Much like with Mr. Cooke, the stats do not tell the whole story. Michalek was hurt in the 3rd game of the season against the New Jersey Devils and missed substantial-but-not-season-crippling time. In his first three games as a Penguin, the Pens went 1-2, both losses coming when Z was a minus player. The lone victory came against the Devils and Michalek finished as a neutral in +/-, but only played 7 minutes and change. Z returned to action a few weeks later against the Dallas Stars, where he also was a minus player in a losing effort (the only reason that game is remembered is because of a certain Sidney Crosby getting into a fight with a certain Matt Niskanen). From here on out, it no longer became a coincidence that Michalek being a minus player typically translated into a Penguins loss.

After returning from injury the Pens records W/ Michalek in the line-up:

As a MINUS player: 6-14

As a neutral rating: 17-12

As a PLUS player: 20-1

When combined, when Michalek is neutral or a plus player, the Pens record was 37-13. I’m glossing over the OT records for the sake of simplicity. I’m just going straight win-loss, not factoring in loser points for the team. It is hard to deny the value of a player like Michalek, even though he doesn’t show up on the score sheet regularly. For the chattering class, though, it is easy to overlook how important players like Michalek are because they don’t put up James Wisniewski or Kris Letang like numbers on offense. With a guy like Michalek, it becomes difficult to review them outside of +/- rating, because these types of players do not put up huge offensive numbers, and in the age of Youtube there aren’t many highlight videos of shot blocking and boxing out opposition.

Overall +/-, in victories Michalek was a combined +22. Conversely, in combined losses he was a -22. The Pens also went undefeated in games when Michalek scored, going 5-0. At home, Michalek was a +3 on the season, while was a -3 on the season as the away team.

Obviously Michalek is integral as a shut-down defenseman. He is placed against the opposing team’s top scorers regularly and he and mate Paul Martin have done an extraordinary job of keeping those scorers in check and keeping Fleury from facing too many primo scoring chances. That said, when there has been a breakdown, both Michalek and Martin have done excellent jobs of recovering and helping out Fleury and/or the forwards who were back in the zone to help. We all remember only too well these moments from the game against the Kings this past season when Michalek saved the team not once but twice in the first period.

In the first case you can see Letang take his man, but nobody was covering Justin Williams.
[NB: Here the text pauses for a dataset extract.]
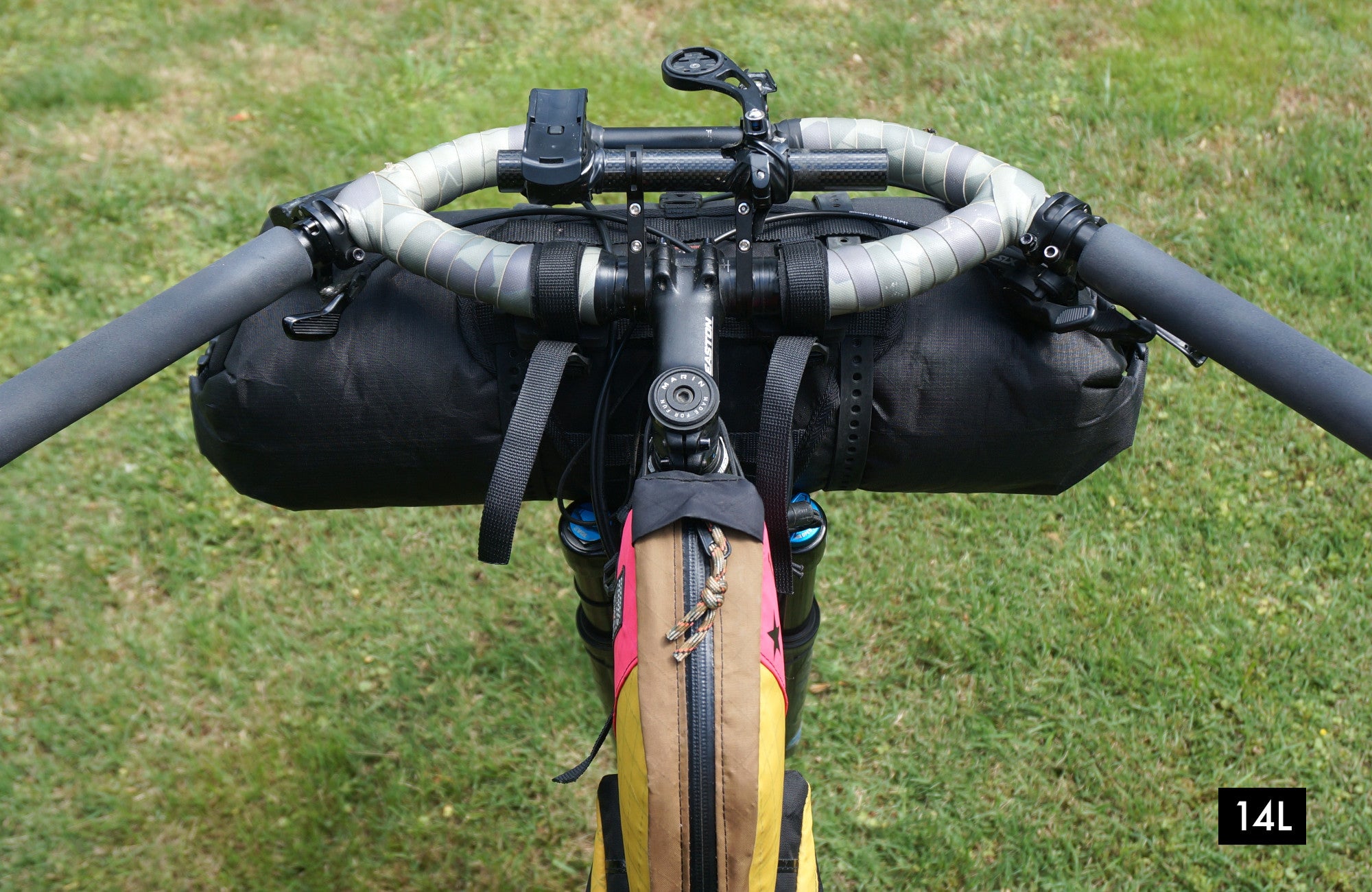 wayward riders harness bikepacking cycling dry bag roll dyneema long skinny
Michalek took away the cross crease play and moved in as Fleury moved out, saving a goal with some absolutely unreal stickwork. In the second play, well, Bob Errey does a fine job of explaining how Michalek played it perfectly. He stuck with the Kings player and prevented him from making a play by separating him from the puck then, either by luck or skill (or both, as it would seem with great players), cleared it from the crease with some help by Vitale showing some hustle. Everyone wet their pants (self included) when Scuderi made a play like that (granted, the stakes were a little higher then), but everyone just kinda goes catatonic when guys who didn’t grow up on the Pens farm do it.

In pure defensive stats, Michalek ranked 27th in the NHL in shot blocking, with 149 shots blocked,  had 56 hits, and 14 takeaways. Outside of shotblocking, the stats do not stand out as a killer or league leader, but that isn’t necessarily a bad thing. Being an all around defensive player is what is needed for your top-4.

Zbynek certainly had an interesting year on special teams, too. He was originally never planned to be used on the power play, but as the season went on and the injuries mounted, he became one of the steady hands on the PP, even scoring a PP goal and netting 3 PPA. More importantly, Michalek was a leader on the penalty kill, averaging 3:46 of PK time each game. I feel this would be an opportune time to mention that the Pens finished the season no. 1 overall in PK with 86.1% success rate of killing penalties. For those playing the home game, that is a staggering statistic. It becomes even more terrifying when you realize the Pens were assessed the most penalties in the NHL with 480. The Pens were assessed 374 minor penalties, 74 major penalties, 13 misconducts, 10 game misconducts, a 1 match penalty. All combined for a total of 1388 penalty minutes. The Pens averaged 16.9 minutes of PK time per game.

Let all of those stats sink in for a few minutes. Really. Go get a glass of water, maybe tend to your garden or play with your dog or cat. Think about all the penalties and the fact that the Pens lead the NHL in PK percentage. Even my mind is blown, and I saw every single game.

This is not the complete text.